新しい米大統領の登場に合わせて韓米同盟を発展させるべきだという点に、異論があるはずはない。

しかし、今の両国関係は文大統領の言葉のように強力でも強固でもない。むしろ、自由民主主義のために共に戦って結ばれた同盟だと言うには心苦しいほどになってしまった、というのが現状に近い。

この数年間、トランプ大統領の「米国優先主義」と文在寅政権の「北朝鮮に対する執着」が重なり、韓米同盟は不協和音が絶えなかった。

先日行われた安保協議会で、両国は同盟の根幹である戦時作戦統制権や北朝鮮の核廃棄共助問題において対立し、その結果、共同声明から「在韓米軍の現在の水準を維持する」という文言が外された。

北朝鮮が韓半島(朝鮮半島)を焦土化させることができる新型ミサイルを披露したのに、「平和ショー」に押されて韓米連合訓練もろくにできていない。

米国はとんでもない額の防衛費要求で韓国に圧力を加え、韓国は、米国が自由民主主義の価値を共有するアジア・太平洋同盟国との連帯を強化しようとする協議体について「良い考えではない」と切り捨てた。

駐米韓国大使は「韓国が70年前に米国を選択したからといって、今後も米国を選択するわけではない」と、率先して同盟関係を揺るがしている。

表面に現れた亀裂がこれほどなのだから、水面下ではさらに深刻な事態も起こっていることだろう。

バイデン時代における韓国外交の最優先課題は、このように損なわれた信頼関係を回復し、韓米同盟を再び正常軌道に乗せることであるはずだ。

バイデン氏はトランプ氏とは違って同盟を尊重し、自由経済体制を重視する人物だ。バイデン氏は当選確定演説で、「米国が再び世界から尊敬されるようにする」と言った。

しかし、バイデン氏が米国を伝統路線に戻しても、韓米関係が自動的に回復するわけではない。
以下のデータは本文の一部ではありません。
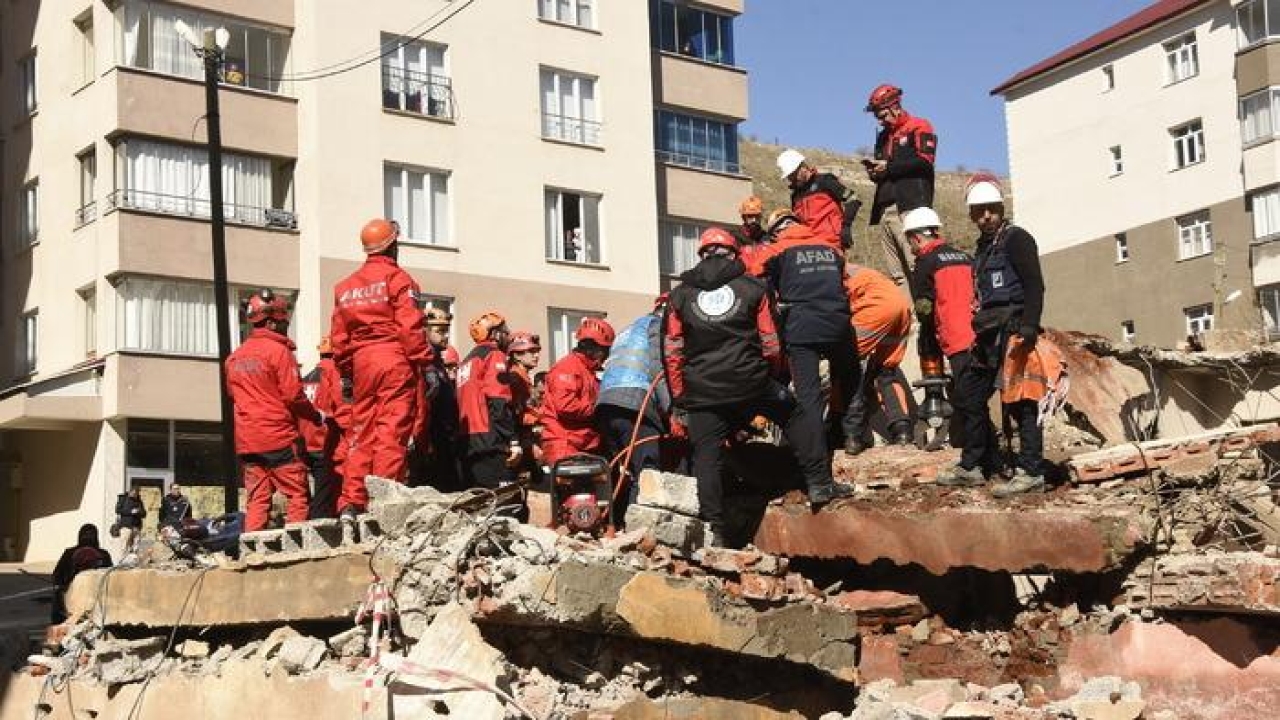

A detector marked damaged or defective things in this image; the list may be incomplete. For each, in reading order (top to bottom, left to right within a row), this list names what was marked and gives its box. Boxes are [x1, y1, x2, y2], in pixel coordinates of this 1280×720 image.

broken concrete slab [1072, 422, 1280, 484]
broken concrete slab [636, 470, 704, 516]
broken concrete slab [752, 496, 1152, 572]
broken concrete slab [65, 552, 372, 624]
broken concrete slab [1120, 552, 1280, 612]
broken concrete slab [390, 600, 510, 720]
文在寅政権がトランプ式サプライズ・ショーに対する未練を捨てられないなら、実務陣の意見を重視し、システムで動くバイデン政権とも軋(きし)み音を出し続けることになる。

バイデン氏は就任1年目の「全世界の民主主義首脳会談招集」を公言しているだけに、米国から「中国けん制ネットワーク」参加要求も続くだろう。

韓米同盟を「冷戦同盟」と見下して、米中をはかりにかける運動圏(市民運動・学生運動)的な思考から抜け出し、原則と価値の基盤の上で戦略を立てなければならない。
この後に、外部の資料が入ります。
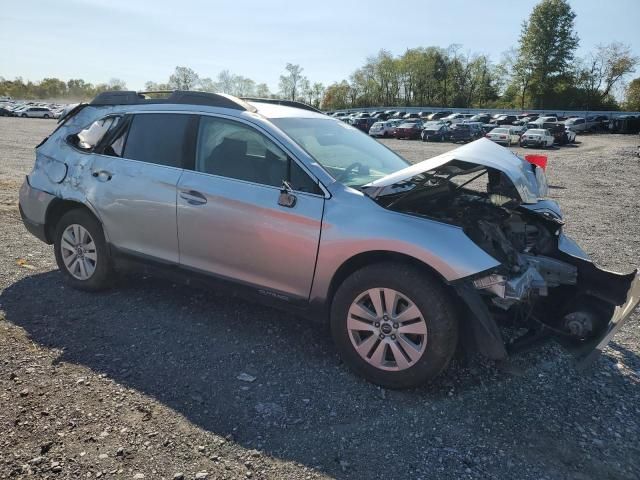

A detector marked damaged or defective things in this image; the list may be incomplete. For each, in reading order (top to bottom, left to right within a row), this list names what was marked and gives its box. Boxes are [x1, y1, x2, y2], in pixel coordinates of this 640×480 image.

damaged station wagon [20, 91, 640, 390]
crumpled hood [362, 137, 548, 202]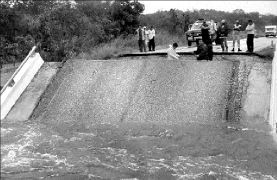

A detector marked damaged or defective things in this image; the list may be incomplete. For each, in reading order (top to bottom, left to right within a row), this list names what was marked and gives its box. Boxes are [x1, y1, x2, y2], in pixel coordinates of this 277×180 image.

damaged guardrail [0, 46, 44, 119]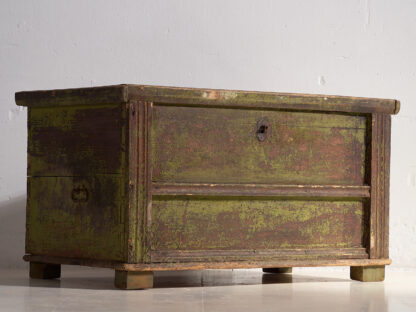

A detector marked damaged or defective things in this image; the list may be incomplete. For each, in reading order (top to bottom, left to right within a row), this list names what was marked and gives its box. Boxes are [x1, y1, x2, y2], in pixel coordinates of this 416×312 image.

chipped green paint [151, 106, 366, 186]
chipped green paint [27, 176, 125, 260]
chipped green paint [150, 199, 364, 252]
韓米日三角協力復元もバイデン時代の緊急課題だ。バイデン氏は副大統領だったころから韓日間の「仲介者」を自任していたほど、韓日関係の改善に力を注いできた。

韓日協力は単に2国間の問題ではなく、米国のインド・太平洋戦略の基本軸だという認識は、民主党も共和党も変わらない。韓米日の亀裂で得をするのは北朝鮮と中国だけだ。